Journal of the National Cancer Institute
- Discipline: Oncology
- Language: English
- Edited by: Eduardo L. Franco

Publication details
- History: 1940–present
- Publisher: Oxford University Press (United States)
- Frequency: Monthly
- Impact factor: 7.2 (2024)

Standard abbreviations
- ISO 4: J. Natl. Cancer Inst.

Indexing
- CODEN: JNCIEQ
- ISSN: 0027-8874 (print) 1460-2105 (web)
- OCLC no.: 01064763

Links
- Journal homepage; Online access; Online archive;

= Journal of the National Cancer Institute =

The Journal of the National Cancer Institute (JNCI) is a peer-reviewed medical journal covering research in oncology that was established in August 1940. It is published monthly by Oxford University Press and is edited by Patricia A. Ganz. It was merged with Cancer Treatment Reports in January 1988. JNCI used to be the official journal of the U.S. National Cancer Institute (NCI); however, in 1996, the NCI and JNCI agreed to grow apart. Over the next five years, JNCI became independent of the NCI.

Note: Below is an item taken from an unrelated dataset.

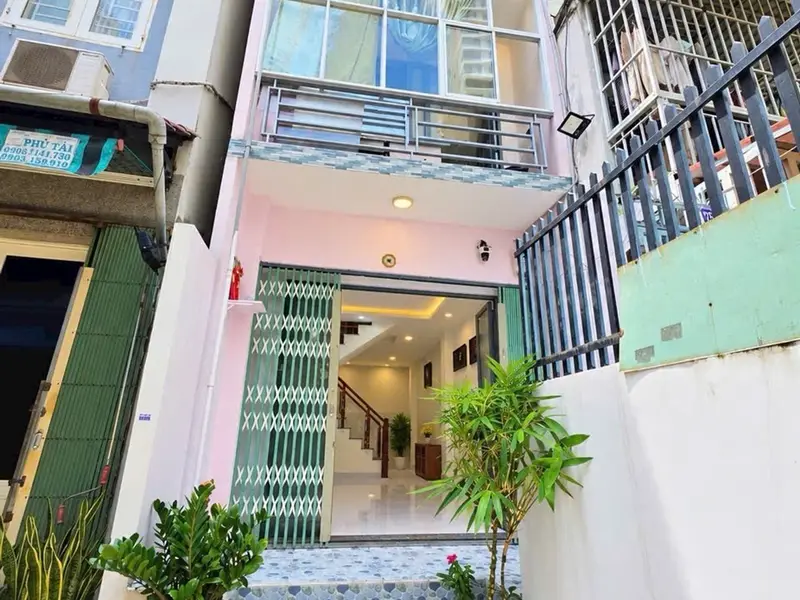 Nhà mặt tiền hẻm xe hơi Hồng Bàng giá mềm nhỉnh hơn 5 tỷ xíu mại mềm mại... Bán nhà riêng tại Bình Tây, Hồ Chí Minh 01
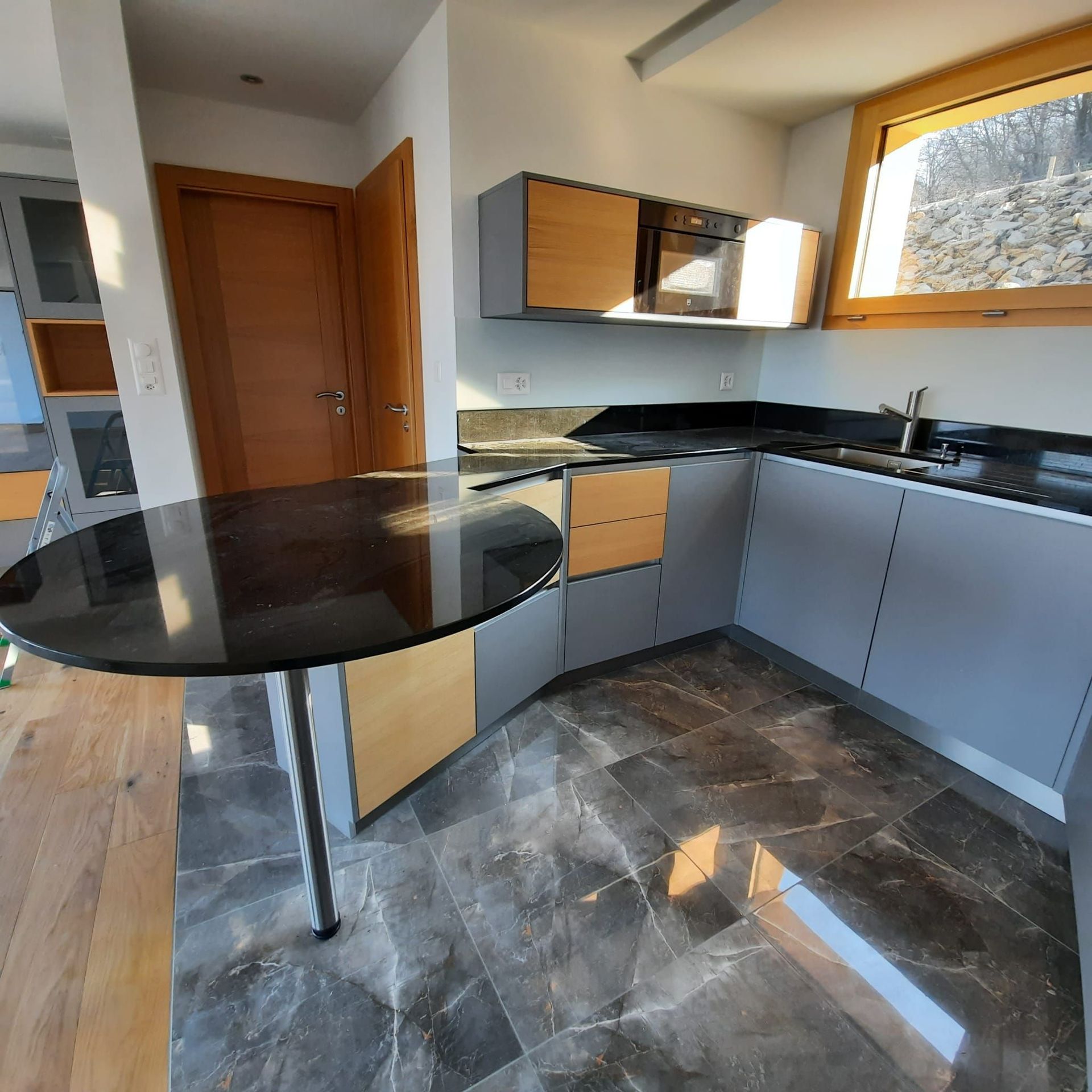 Cuisine stratifié et plaque chêne. Plan de travail granit impala 20mm, entre meuble en verre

A related publication is Journal of the National Cancer Institute Monographs (JNCI Monographs), established in 1959, which publishes manuscripts from cancer and cancer-related conferences, as well as groups of papers on specific subjects related to cancer. In January 1986, Cancer Treatment Symposia was merged with JNCI Monographs. Additionally, JNCI Cancer Spectrum (JNCI CS) is a fully open access journal, which was established in 2017. It is published bimonthly by Oxford University Press and is edited by Ronald Chen.

== History ==
The history of JNCI is linked to that of several other journals. A full history of JNCI and JNCI Monographs is presented below.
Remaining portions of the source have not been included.